Jac. P. Thijsse | ||||
---|---|---|---|---|
Jac. P. Thijsse | ||||
Algemene informatie | ||||
Land | Koninkrijk der Nederlanden | |||
Geboortedatum | 25 juli 1865 | |||
Geboorteplaats | Maastricht | |||
Overlijdensdatum | 8 januari 1945 | |||
Overlijdensplaats | Overveen | |||
Werk | ||||
Beroep | Schrijver Onderwijzer Veldbioloog Natuurbeschermer | |||
Werkveld | plantkunde | |||
Bekende werken | Het vogeljaar (boek), Heimans, Heinsius en Thijsse's geïllustreerde flora van Nederland | |||
Familie | ||||
Kinderen | Jo Thijsse | |||
Persoonlijk | ||||
Talen | Nederlands | |||
Moedertaal | Nederlands | |||
Diversen | ||||
Prijzen en onderscheidingen | Ridder in de Orde van de Nederlandse Leeuw (24 juli 1935),[1] Officier in de Orde van Oranje-Nassau (22 september 1925)[1] | |||
De informatie in deze infobox is afkomstig van Wikidata. U kunt die informatie bewerken. | ||||
|
Thijsse was literair zeer productief en schreef vaak met zijn vriend Eli Heimans. Thijsses bekendste boeken zijn waarschijnlijk de Verkade-albums en de Geïllusteerde flora (of HH&T), die ook voor leken goed bruikbaar is. Hij was medeoprichter van het tijdschrift De Levende Natuur en zette zich in voor het behoud van het Naardermeer, het eerste beschermde natuurmonument in Nederland. Hij stond aan de wieg van de Vereniging tot Behoud van Natuurmonumenten in Nederland en was actief in veel andere organisaties voor natuurstudie en -bescherming.

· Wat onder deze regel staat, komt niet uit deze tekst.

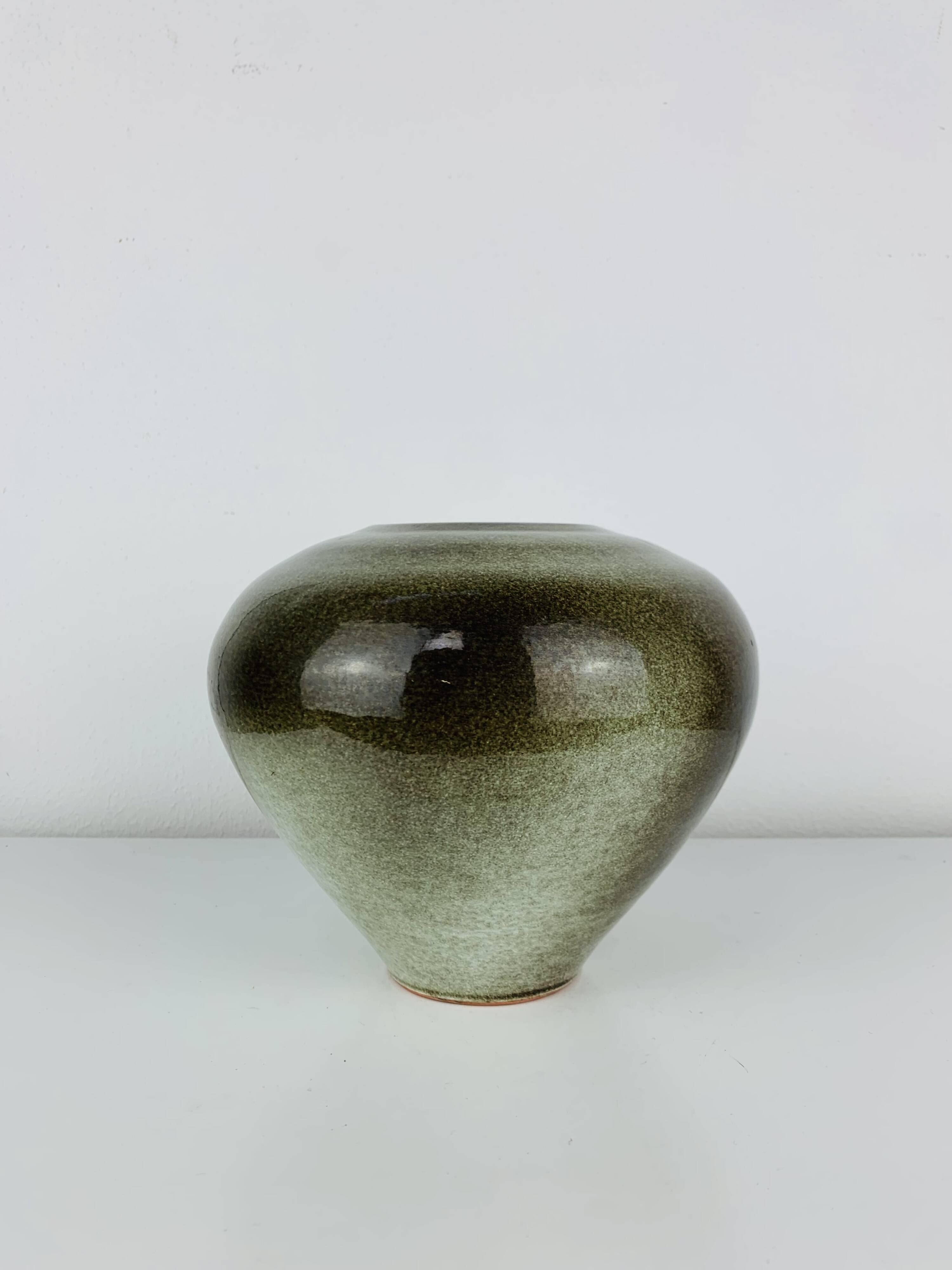 Ceramic vase signed Montalto 1992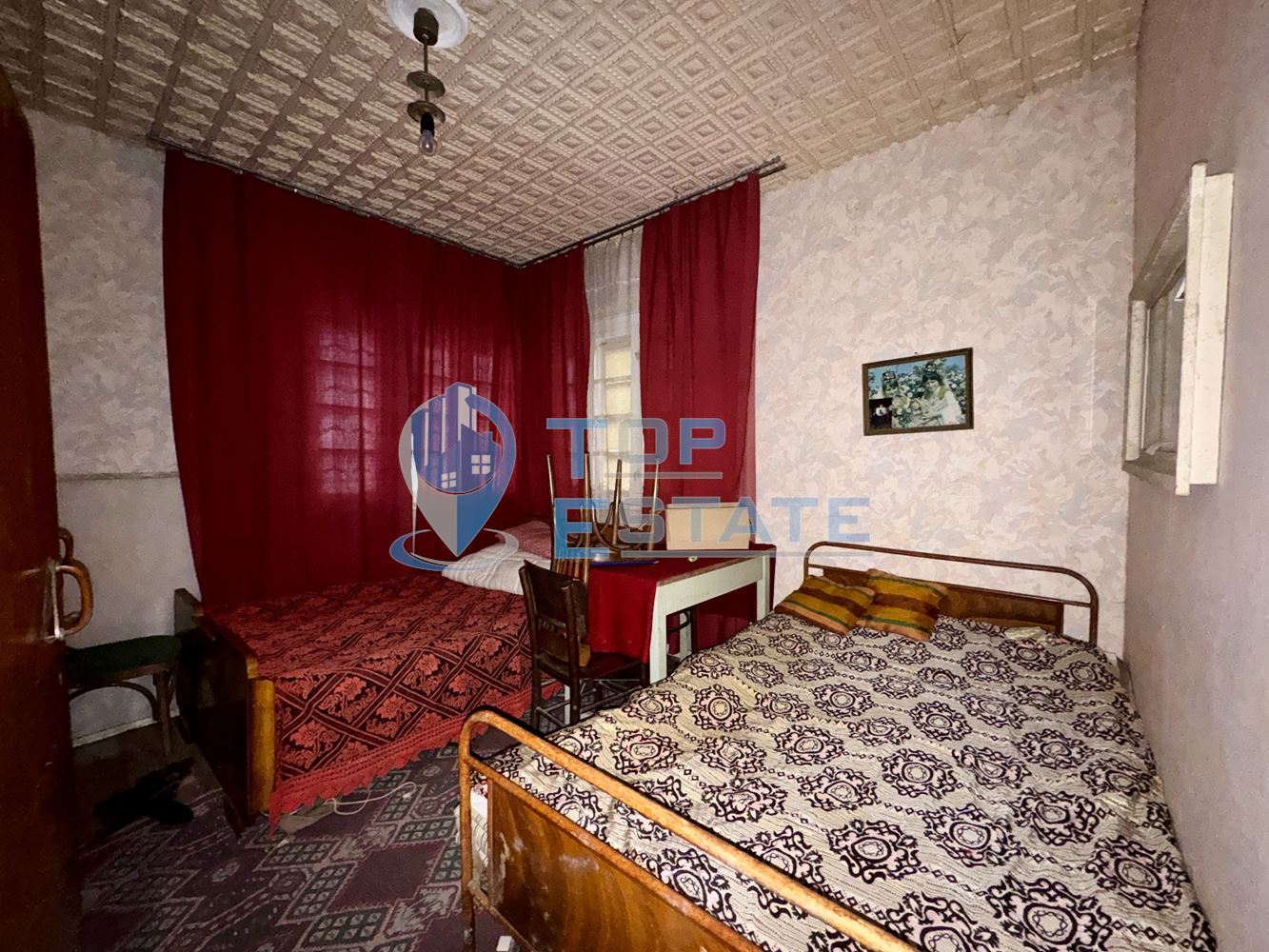 Двуетажна тухлена къща с голям двор в село Нова Върбовка, област Велико Търново - 0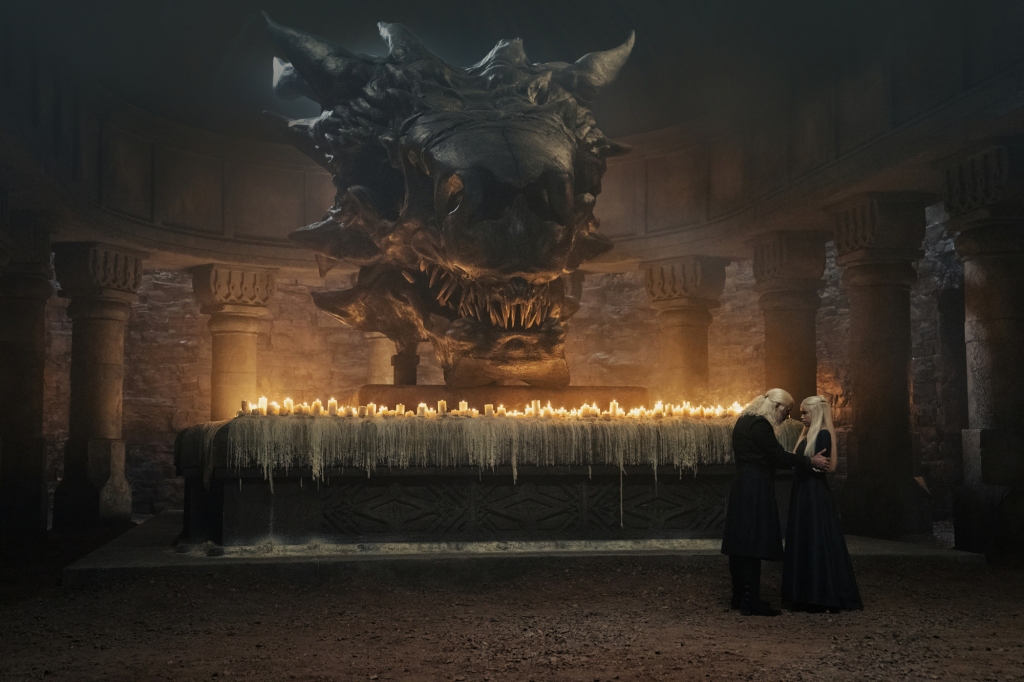 El rey Viserys (Paddy Considine) y su hija, la princesa Rhaenyra Targaryen, charlan frente a una calavera de dragón después de que él la nombra su heredera.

Zijn ouders waren Catharina Johanna Priester (geboren te Middelburg, 3 maart 1836) en Jacobus Thijsse (geboren te Delft, 5 oktober 1832), die in 1859 in 's-Hertogenbosch in het huwelijk waren getreden. De vader was de zoon van matroos Willem Thijsse en beroepsmilitair met de rang van sergeant.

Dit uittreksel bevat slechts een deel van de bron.